The safety and efficacy of BRENZAVVY were evaluated in 23 clinical studies. Highlighted below are some of the key Phase 3 studies.
Safety and Effectiveness Compared to Dapagliflozin as an Adjunct to Metformin for Treatment of Type 2 Diabetes Mellitus in Adults
A phase 3, randomized, double-blind, active-controlled trial compared the safety and effectiveness of BRENZAVVY, 20 mg, to dapagliflozin, 10 mg, as an adjunct to metformin for the treatment of type 2 diabetes mellitus in adults. The study population consisted of 406 participants who received BRENZAVVY or dapagliflozin in addition to ongoing metformin treatment for 24 weeks. The primary endpoint was the change in HbA1c from baseline to week 24. This clinical trial was the first to directly compare any two SGLT2 inhibitors using a randomized, double-blind, controlled design evaluating effectiveness and safety.
Safety and Effectiveness in Patients with Stage 3 Chronic Kidney Disease (CKD)
A phase 3, randomized, double-blind, placebo-controlled trial evaluated the effectiveness and safety of BRENZAVVY, 20 mg, in adults with type 2 diabetes mellitus, moderate renal impairment (stage 3 CKD) and inadequate glycemic control. 312 adults received BRENZAVVY, 20 mg, or placebo in addition to ongoing hypoglycemic medications for 24 weeks. Eligible patients were stratified based on their estimated glomerular filtration rate (eGFR; either 30 to < 45 mL min-1 per 1.73 m2, stage 3b CKD, or 45 to < 60 mL min-1 per 1.73 m2, stage 3a CKD), baseline HbA1c (> 8.5% or not) or use of insulin. The primary endpoint was the change in HbA1c from baseline to week 24.
Safety and Effectiveness in Patients as an Adjunct to Metformin
A phase 3, randomized, double-blind, placebo-controlled trial evaluated the effectiveness and safety of BRENZAVVY, 20 mg, in adults with type 2 diabetes mellitus as an adjunct to metformin. 317 adults received BRENZAVVY, 20 mg, or placebo in addition to ongoing metformin treatment for 24 weeks. Eligible patients were stratified based on baseline HbA1c (> 8.5% or not) and country of residence. The primary endpoint was the change in HbA1c from baseline to week 24.
An open label group enrolled an additional 34 patients with HbA1c > 10.5 and ≤ 12.0% and was analyzed separately.
Safety and Effectiveness Compared to Glimepiride as an Adjunct to Metformin for Treatment of Type 2 Diabetes Mellitus in Adults
A phase 3, randomized, double-blind, active-controlled, parallel-group designed trial compared the safety and effectiveness of BRENZAVVY, 20 mg, to glimepiride, optimally titrated up to 6 mg, in adults with type 2 diabetes mellitus medicated with metformin (≥ 1500 mg day-1) for at least 8 weeks prior to the screening visit. Patients were eligible if their antidiabetic regimen included another oral hypoglycemic agent (OHA), if they discontinued the second agent for at least 6 weeks prior to entering the 2-week, single blind placebo run-in period that all subjects underwent.
Safety and Effectiveness Compared to Sitagliptin as an Adjunct to Metformin for Treatment of Type 2 Diabetes Mellitus in Adults
A phase 3, randomized, double-blind, active-controlled, parallel-group trial compared the safety and effectiveness of BRENZAVVY, 20 mg, to sitagliptin, 100 mg, in adults with type 2 diabetes mellitus and medicated with metformin (≥ 1500 mg day-1) for at least 8 weeks prior to the screening visit. 386 adults received BRENZAVVY or sitagliptin in addition to ongoing metformin for 24 weeks. Eligible patients were stratified based on their baseline HbA1c (> 8.5% or not). The primary endpoint was the intergroup difference in the change in HbA1c from baseline to week 24.

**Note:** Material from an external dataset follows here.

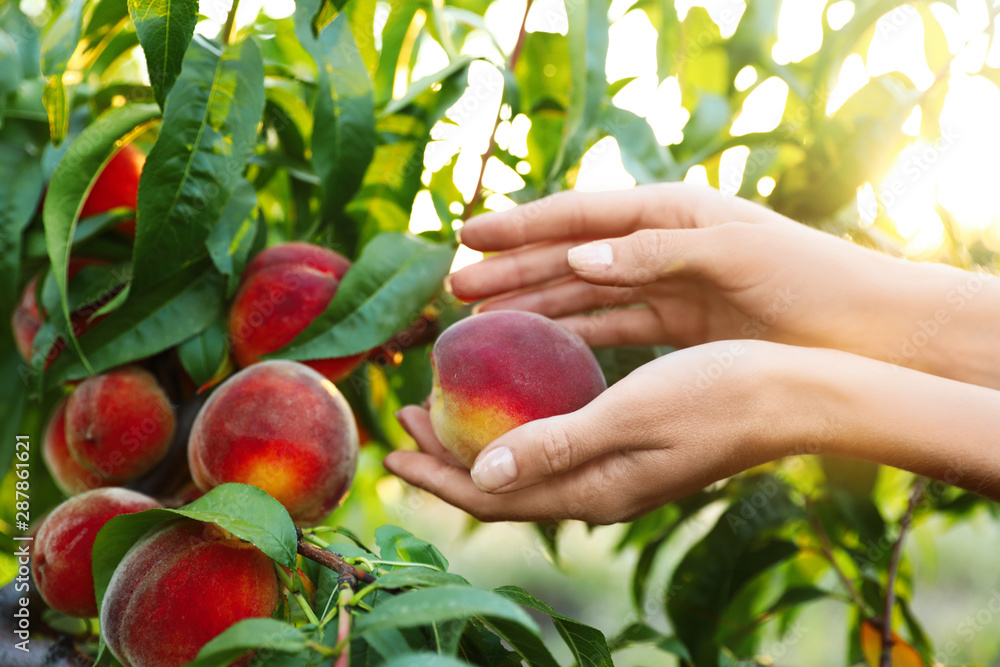 Woman holding fresh ripe peach in garden, closeup view Woman holding fresh ripe peach in garden, closeup view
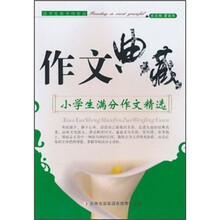 作文典藏·小学生满分作文精选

Cardiovascular Safety Profile
In 2008, FDA published a Guidance for Industry that required sponsors to comply with standards to ensure the cardiovascular safety of products designed to treat diabetes. The Agency established two criteria: a pre-market threshold and a post-approval threshold. To satisfy the first criterion, the upper bound of the 95% confidence interval for the hazard ratio for major adverse cardiovascular events (MACE) caused by the product had to be less than 1.8. For the second criterion, the sponsor had to demonstrate that the upper bound was less than 1.3. The endpoint for the pre-approval standard could include more events than the endpoint for the post-approval standard.